Sorry, who? Alan Irvine was appointed manager of West Brom in June following a stint as Everton Youth Coach between 2011 and June 2014. His managerial career thus far has also seen him take charge of Preston North End and Sheffield Wednesday, and while neither of those make for standout reading on a CV, West Brom may just have unearthed a managerial genius.
Then again I feel the Baggies board have set him up for failure, after all what chance does a first-time premier league manager have these days? Especially when taking charge of a small team with managers such as Sam Allardyce, Steve Bruce, Gus Poyet and Mark Hughes to compete with in a bid to steer clear of relegation.
See Alan Irvine above, but simply replace his name with Sean Dyche and substitute West Brom for Burnley, well for the most part anyway.
Sean Dyche sees out my roster of probable managerial casualties for the coming season as his lack of top tier experience is likely to leave him hamstrung in the company mentioned above.

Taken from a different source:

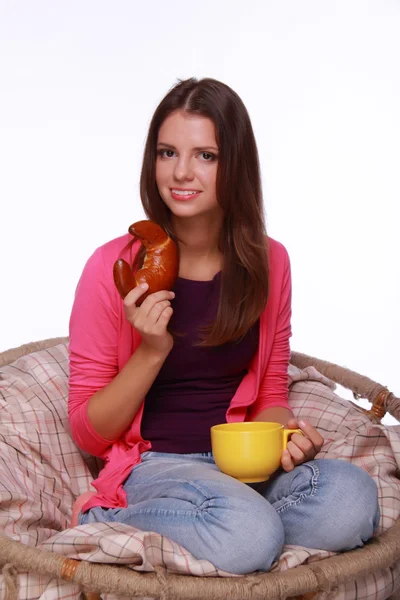 Menina bonita com copo e muffin — Fotografia de Stock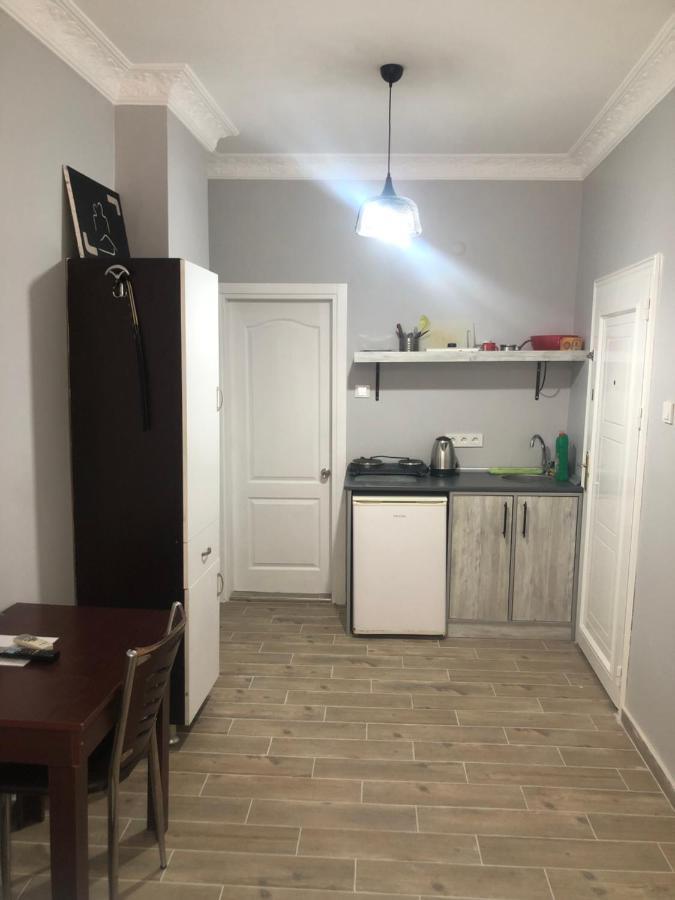 First Suite Taksim อิสตันบูล ภายนอก รูปภาพ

This is hardly a foregone conclusion however as Dyche guided Burnley to the runners-up place in The Championship last season and thus secure promotion to the Premier League. And it should be borne in mind that one Brendan Rodgers, in his tenure at Swansea, was something of an unknown quantity and has since flourished in the league.
On the other hand, Clubs that win promotion to the top tier tend not to hang onto the manager that brought them there for too long should results not go their way. This is chiefly as a result of clubs demanding lengthy tenures in the topflight, and that means little room for sentiment.
In closing then, and in some semblance of a pecking order, I see the following managers not seeing out the season:
– Paul Lambert (Aston Villa)
– Alan Irvine (West Bromwich Albion)
– Sam Allardyce (West Ham United)
– Alan Pardew (Newcastle United)
– Garry Monk (Swansea)
– Sean Dyche (Burnley)
– Mauricio Pochettino (Tottenham Hotspur)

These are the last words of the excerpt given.